* **Task to complete**
From the line containing "Let's start the" down to the last line of the material, output each line exactly as it appears, excluding pictures.

* **Data**
= Beginning of Section =

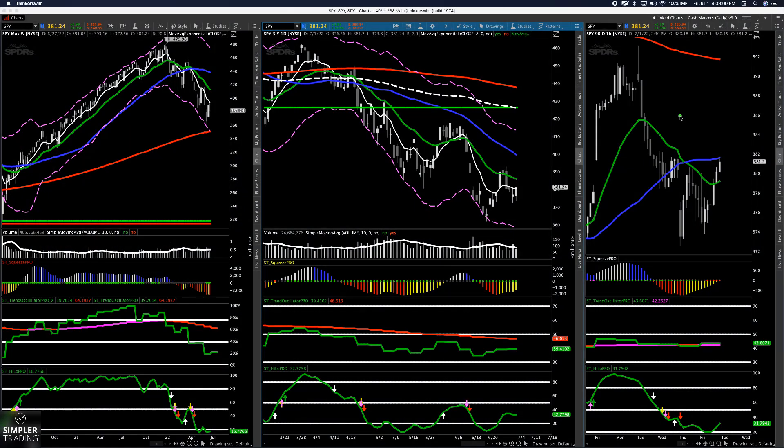Hey, what's up guys, Sam here. I'll be doing the free video for Friday, July 1st, 2022. Just finished doing the premium video for the folks in the gold room, where we typically look at all the different sectors, the dollar, bonds, and VIX. I'll give you the diluted version of it here.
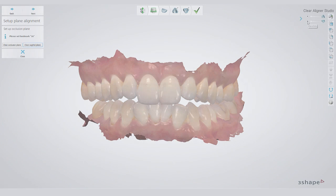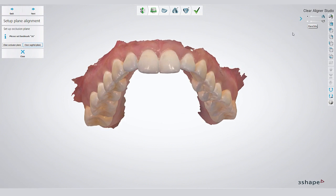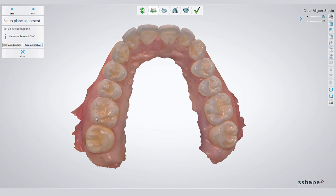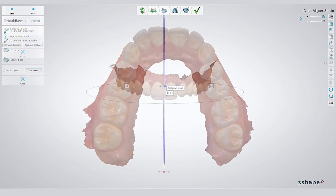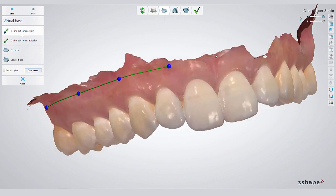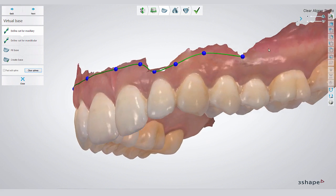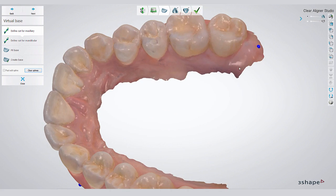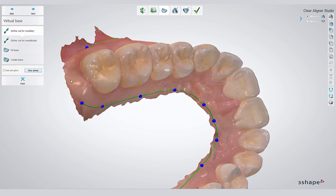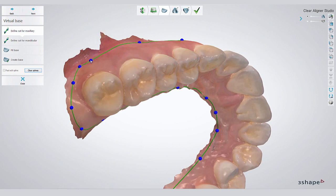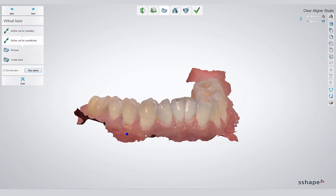Let's start the workflow with the first step of creating a model base. Three points will determine the occlusal plane, and a line drawn from the interproximal of the maxillary central towards the mid suture will then create the sagittal plane. Then you define the extension of the maxillary and the mandibular scan, and the software will add a virtual base.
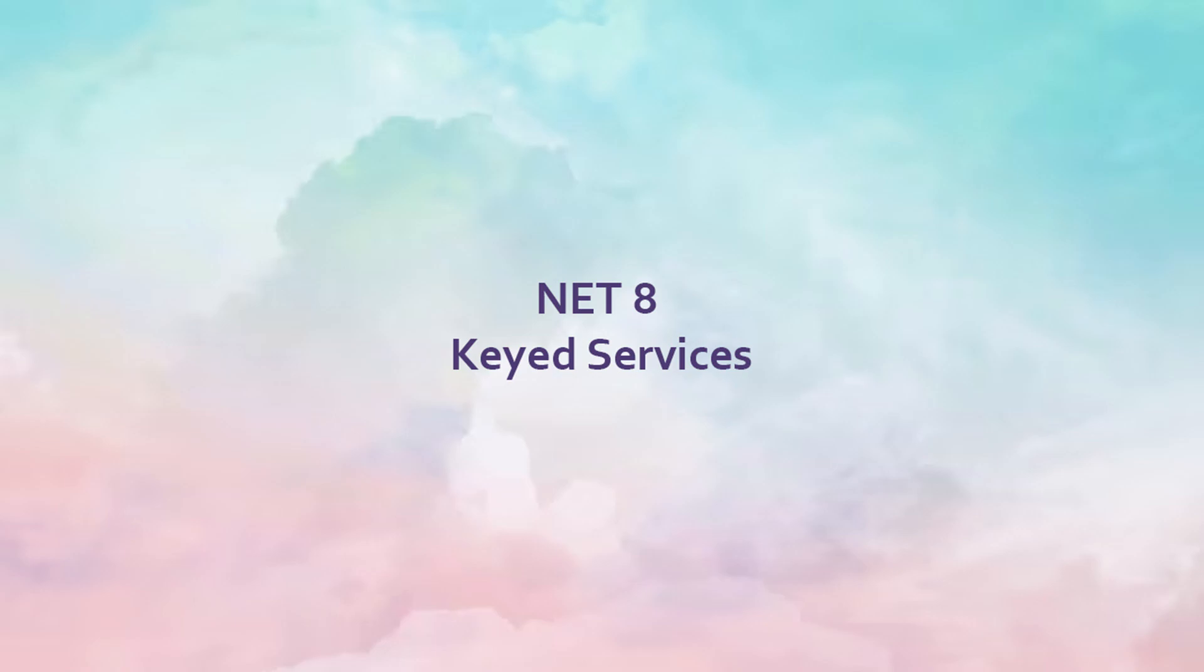Hello friends. Today we are going to discuss one of the DI improvements that Microsoft has introduced in .NET 8, and that is keyed services.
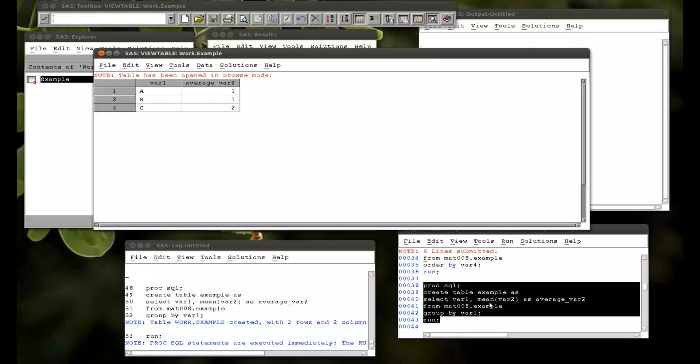And in the next video we're going to see how to join tables SQL. Which is basically merging tables on steroids. Thank you.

= End of Section =

* **Answer for the task**
Let's start the workflow with the first step of creating a model base. Three points will determine the occlusal plane, and a line drawn from the interproximal of the maxillary central towards the mid suture will then create the sagittal plane. Then you define the extension of the maxillary and the mandibular scan, and the software will add a virtual base.
Hello friends. Today we are going to discuss one of the DI improvements that Microsoft has introduced in .NET 8, and that is keyed services.
And in the next video we're going to see how to join tables SQL. Which is basically merging tables on steroids. Thank you.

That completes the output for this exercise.